Redaction In A Minor

Completed April 2018

Start with a 1940s how-to manual. Erase every “A”—except one stubborn capital left as a witness. Text becomes constellations; meaning turns to pattern. Redaction In A Minor uses absence as ink: less headline noise, more quiet signal. No right-side-up; one redacted page becomes a repeating tile.

Lately the feed feels like a shouting match: takes on takes, bots posing as people, “breaking” that rarely breaks new ground. I needed subtraction. So I pulled a timeworn reference book—a 1940s tool manual with that library-stack perfume—and began removing every single “A.” Not black bars, but deliberate marks following aesthetic logic.
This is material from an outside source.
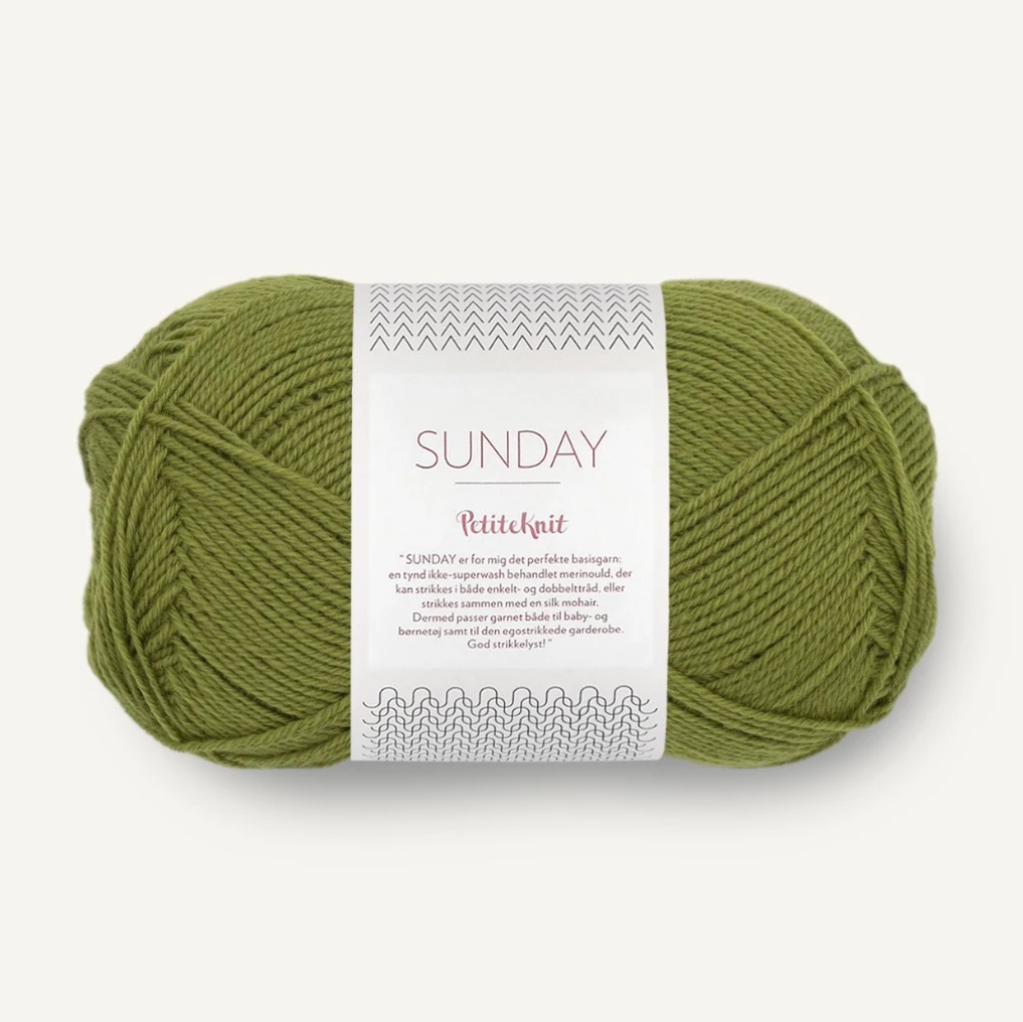 Sunday Petiteknit x Sandnes Garn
The pages shifted from language to star maps: dotted fields, small galaxies of redaction. It was oddly calming—less debate, more doing—and it kept going. The patterns started reading like textiles, which clicked. I began making paintings that harmonize without a fixed orientation; turn them any direction and they hold. One sheet composed only of redacted “A” marks became the seed tile for a repeat.

Why “A Minor”? Because the letter is (almost) gone, the mood sits in a lower key—and one capital “A” is intentionally left unredacted. That lone major note inside a minor field keeps the key signature honest.

The work asks what remains when you strip the loudest characters away: which structures persist, what new readings appear, and who decides what gets erased. In a culture hooked on hot takes and “fake news,” this series is my cool take: fewer exclamation points, more looking. And yes—many A’s were harmed in the making.